AKBuilder is the name of the latest exploit kit currently being sold in underground markets and advertised in YouTube videos, as revealed by SophosLabs. AKBuilder is actively being deployed alongside two other popular exploit builders – Microsoft Word Intruder and Ancalog Builder.
AKBuilder particularly generates malicious Word documents in Rich Text. Attackers use it to package malware samples into booby-trapped documents. These documents are being distributed in active email spam campaigns.
Similarly to Microsoft Word Intruder and Ancalog Builder, AKBuilder also uses exploits to intentionally corrupt files used to automatically trigger bugs in Office. However, flaws in Windows are also targeted.
As mentioned, the new EX is currently being sold and advertised, its price being around $550. Malicious actors should pay in currencies such as Bitcoin and Perfect Money.
AKBuilder Technical Overview
According to Gábor Szappanos, the researcher who looked into the exploit kit, there are two variations of AKBuilder. The earlier version, named AK-1, leveraged two vulnerabilities in the same document CVE-2012-0158 and CVE-2014-1761. The later version, named AK-2, leverages one flaw: CVE-2015-1641. AK-1 and AK-2 are both released as a Python script, where everything is hardcoded and nothing is configurable except the file names.
AKBuilder is being bought and used by various cybercrime groups, and has been deployed to spread various malware families.

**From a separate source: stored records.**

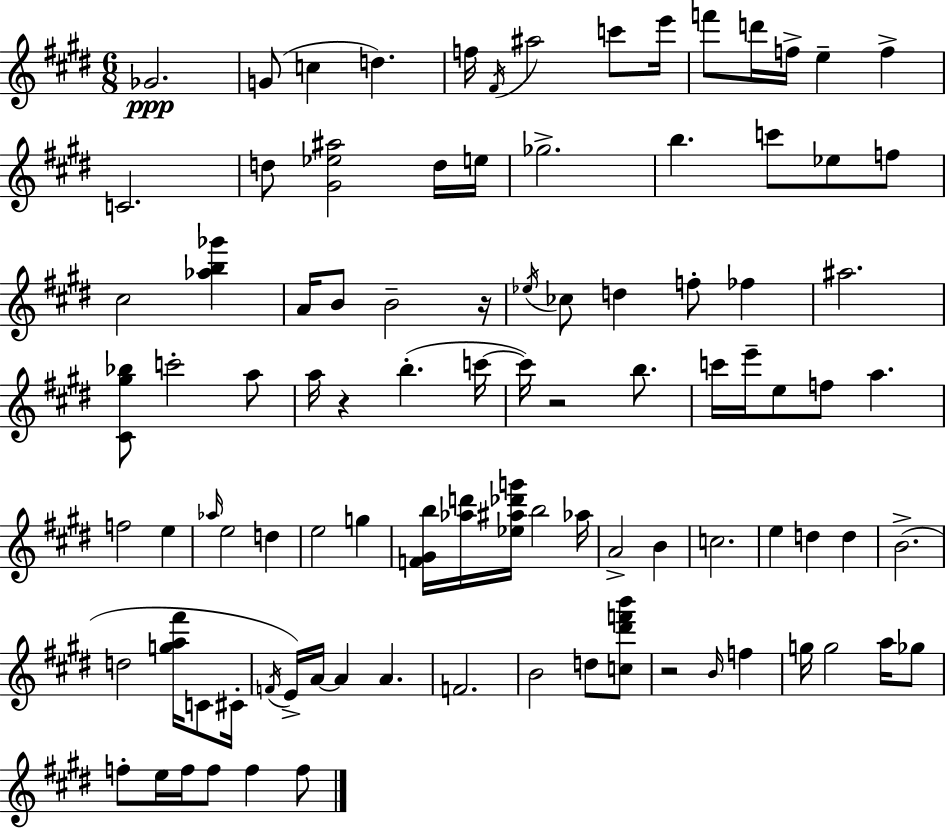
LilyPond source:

{
  \clef treble
  \numericTimeSignature
  \time 6/8
  \key e \major
  \repeat volta 2 { ges'2.\ppp | g'8( c''4 d''4.) | f''16 \acciaccatura { fis'16 } ais''2 c'''8 | e'''16 f'''8 d'''16 f''16-> e''4-- f''4-> | \break c'2. | d''8 <gis' ees'' ais''>2 d''16 | e''16 ges''2.-> | b''4. c'''8 ees''8 f''8 | \break cis''2 <aes'' b'' ges'''>4 | a'16 b'8 b'2-- | r16 \acciaccatura { ees''16 } ces''8 d''4 f''8-. fes''4 | ais''2. | \break <cis' gis'' bes''>8 c'''2-. | a''8 a''16 r4 b''4.-.( | c'''16~~ c'''16) r2 b''8. | c'''16 e'''16-- e''8 f''8 a''4. | \break f''2 e''4 | \grace { aes''16 } e''2 d''4 | e''2 g''4 | <f' gis' b''>16 <aes'' d'''>16 <ees'' ais'' des''' g'''>16 b''2 | \break aes''16 a'2-> b'4 | c''2. | e''4 d''4 d''4 | b'2.->( | \break d''2 <g'' a'' fis'''>16 | c'8 cis'16-. \acciaccatura { f'16 }) e'16-> a'16~~ a'4 a'4. | f'2. | b'2 | \break d''8 <c'' dis''' f''' b'''>8 r2 | \grace { b'16 } f''4 g''16 g''2 | a''16 ges''8 f''8-. e''16 f''16 f''8 f''4 | f''8 } \bar "|."
}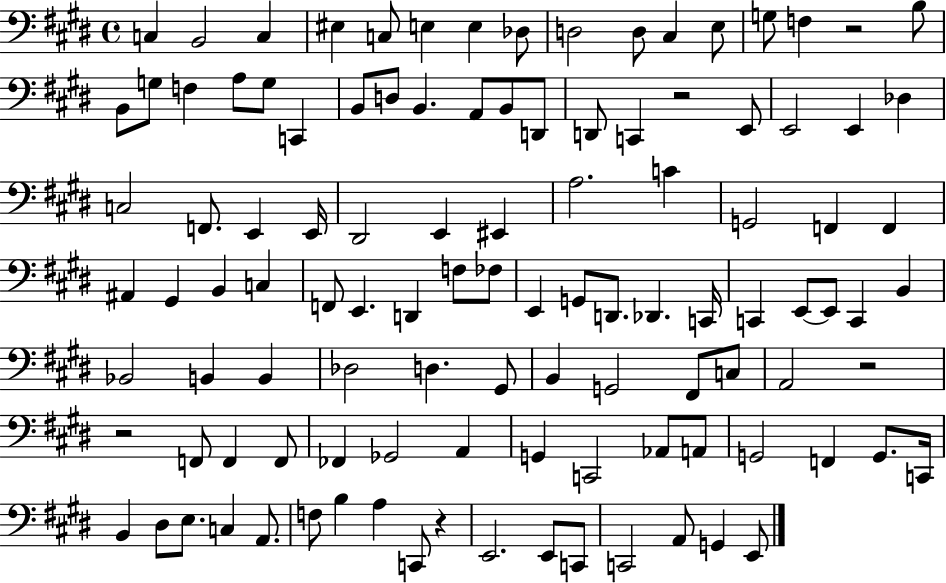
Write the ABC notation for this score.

X:1
T:Untitled
M:4/4
L:1/4
K:E
C, B,,2 C, ^E, C,/2 E, E, _D,/2 D,2 D,/2 ^C, E,/2 G,/2 F, z2 B,/2 B,,/2 G,/2 F, A,/2 G,/2 C,, B,,/2 D,/2 B,, A,,/2 B,,/2 D,,/2 D,,/2 C,, z2 E,,/2 E,,2 E,, _D, C,2 F,,/2 E,, E,,/4 ^D,,2 E,, ^E,, A,2 C G,,2 F,, F,, ^A,, ^G,, B,, C, F,,/2 E,, D,, F,/2 _F,/2 E,, G,,/2 D,,/2 _D,, C,,/4 C,, E,,/2 E,,/2 C,, B,, _B,,2 B,, B,, _D,2 D, ^G,,/2 B,, G,,2 ^F,,/2 C,/2 A,,2 z2 z2 F,,/2 F,, F,,/2 _F,, _G,,2 A,, G,, C,,2 _A,,/2 A,,/2 G,,2 F,, G,,/2 C,,/4 B,, ^D,/2 E,/2 C, A,,/2 F,/2 B, A, C,,/2 z E,,2 E,,/2 C,,/2 C,,2 A,,/2 G,, E,,/2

Researchers say that the most active and least careful group using the EK are Nigerian BEC groups.
Researchers were able to estimate that AK-1 was most active between mid-2015 and 2016. Once the second variant was released, AK-1 diminished, which was by the summer of 2016. However, AK-1 has once more been revived as researchers recently started to observe new attacks involving the EK. As to why – the market gap that was in need of older Office exploits provided by AK-1 must have resurrected it. AK-2’s source code is based on the AK-1 builder Python script and displays the same characteristics.

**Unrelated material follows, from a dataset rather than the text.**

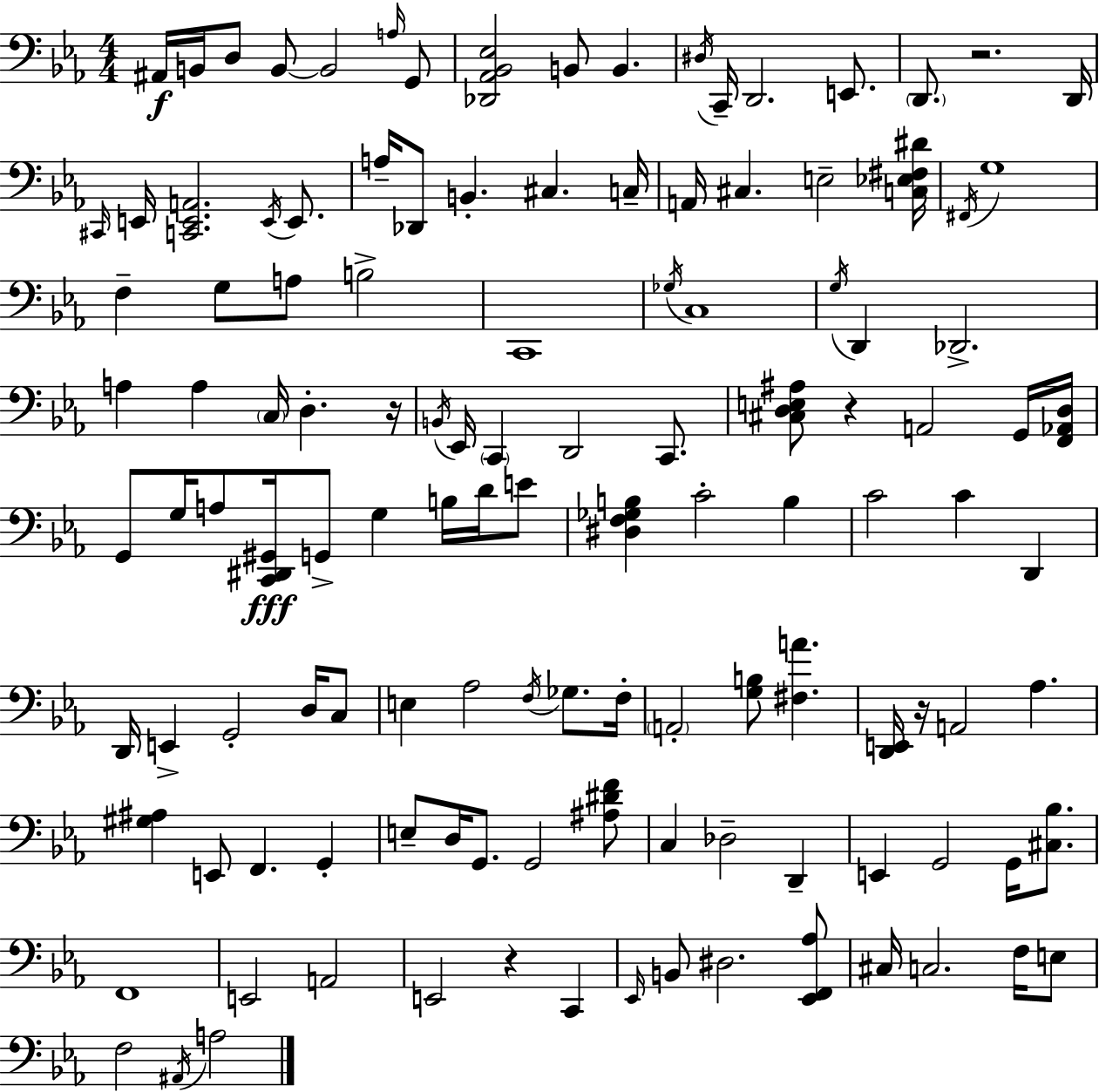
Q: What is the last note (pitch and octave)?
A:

What Kind of Malware Is Distributed by AKBuilder?
According to SophosLabs, about 760 malicious documents were identified, used to distribute over 50 different malware families, such as banking Trojans (Zbot, Chisburg, Fareit, Neurevt), the PredatorPain keylogger, and the NetWiredRC backdoor.
The chart below shows the malware families distributed by both AK-1 and AK-2:
Protection against AKBuilder Exploit Kit
Being fully patched appears to be the most important safety element. AKBuilder uses relatively new exploits such as CVE-2014-1761 and CVE-2015-1641, but luckily hasn’t been caught using zero-day exploits. Researchers say that in both cases the use of the exploit took place months after the flaw was patched.
So, keep all of your applications updated and don’t forget the important of a powerful anti-malware program.